Гёте истолковал Прометея, создав своего «Прометея». Он отбросил мораль. Он поставил между участниками распри знак равенства: Прометей равен Зевсу, оба — боги. Гёте перенес тему из сферы этики в эстетику, решив вопрос «за кого» как художник. Зевс у Гёте подчинен судьбе: он раб. Прометей презирает Зевса-раба. Он выше Зевса. Мощь Прометея — в радостях и страданиях творчества. Так возник образ Прометея — титанического художника. Сам юный Гёте был тогда таким титаническим художником.
Шелли перебросил тему в сферу социальную. Как и у Шлегеля, Зевс у него — физический закон. Прометей — разумная свобода, «дух культуры». Демогоргон свергает Зевса, преодолевая физический закон, и на земле наступает золотой век. Положение «страдание обусловливает прогресс» было смещено положением «революция обусловливает прогресс». Но в том и в другом случае человеческая воля преодолевает необходимость природы.
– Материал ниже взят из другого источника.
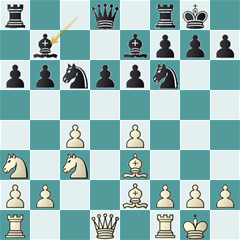 análisis jugada 11...Ab7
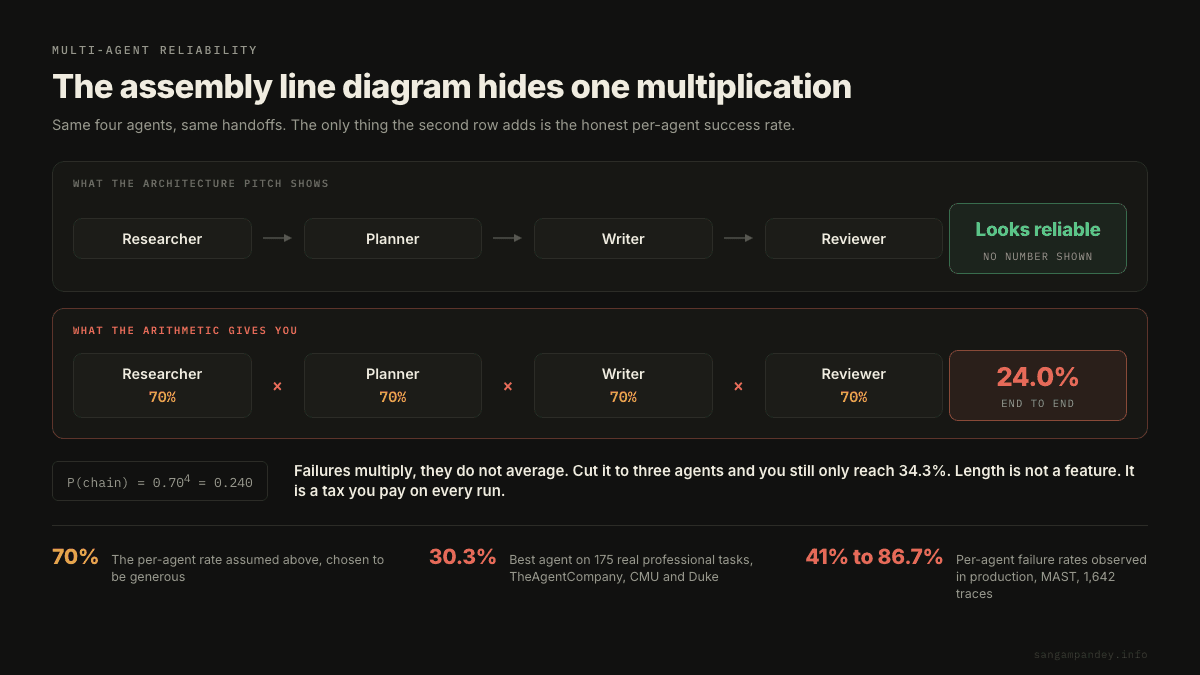 The same four agent assembly line drawn twice, once as the architecture pitch shows it with clean arrows and no numbers, and once with an honest 70% success rate on each agent, where the multiplication produces 24.0% end to end, against reference points of 30.3% for the best benchmarked agent and 41% to 86.7% failure rates observed in production.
Гёте и Шелли исправили Прометея по-своему: рассекли кривую двусмыслия его образа и, выпрямив отрезок каждого смысла, разрешили тяжбу в пользу Прометея. Предстал могучий профиль односмысленного Прометея, героически попирающего и претворяющего слепую силу материи, необходимости, природы. Слова Гермеса: «Если бы Прометей победил, то стал бы невыносим», — не устрашили поэтов. И все же эсхилов титан заслонил своих эпигонов.
Что же хотел сказать Эсхил своим Прометеем? Или суть трагедии в трагической неразрешимости темы, в том, чтобы образ Прометея оставался загадкой, и той загадкой волновал, под игрой сил эстетических скрывая игру сил жизненных?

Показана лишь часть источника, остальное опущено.